— REQUIRED WORK —
The data below holds the lines to copy: everything from the line containing "Stock Photograph - Two" to the line containing "tablet pc pad..", both ends included, set down exactly.

— INPUT —
•••
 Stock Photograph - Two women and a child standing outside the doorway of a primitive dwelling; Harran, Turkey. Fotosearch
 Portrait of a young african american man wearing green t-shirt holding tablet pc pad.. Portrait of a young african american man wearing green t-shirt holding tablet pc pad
•••
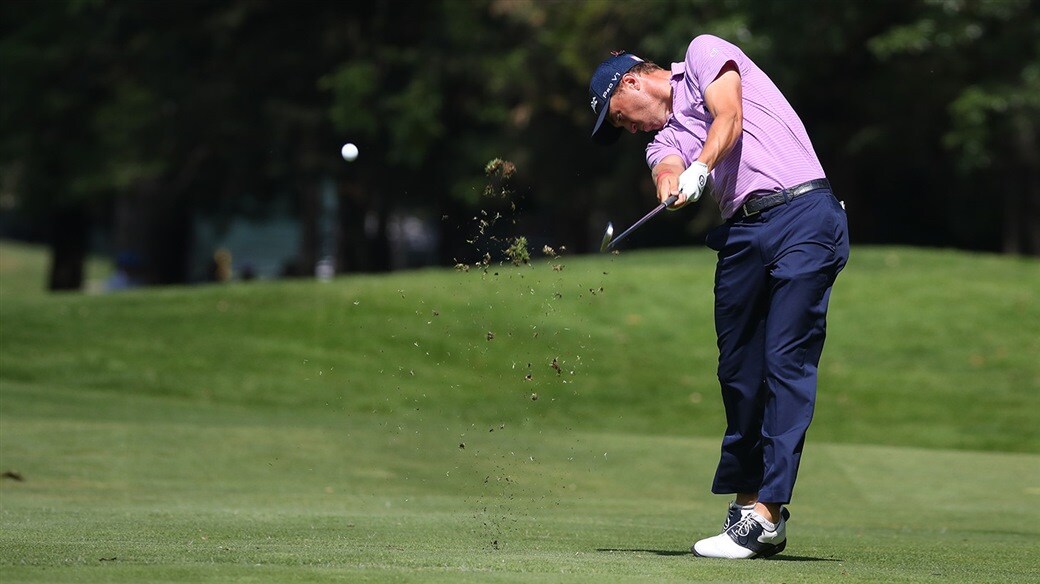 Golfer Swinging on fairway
•••
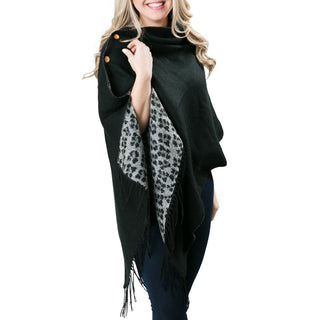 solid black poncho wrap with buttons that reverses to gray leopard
•••
— TASK OUTPUT —
 Stock Photograph - Two women and a child standing outside the doorway of a primitive dwelling; Harran, Turkey. Fotosearch
 Portrait of a young african american man wearing green t-shirt holding tablet pc pad.. Portrait of a young african american man wearing green t-shirt holding tablet pc pad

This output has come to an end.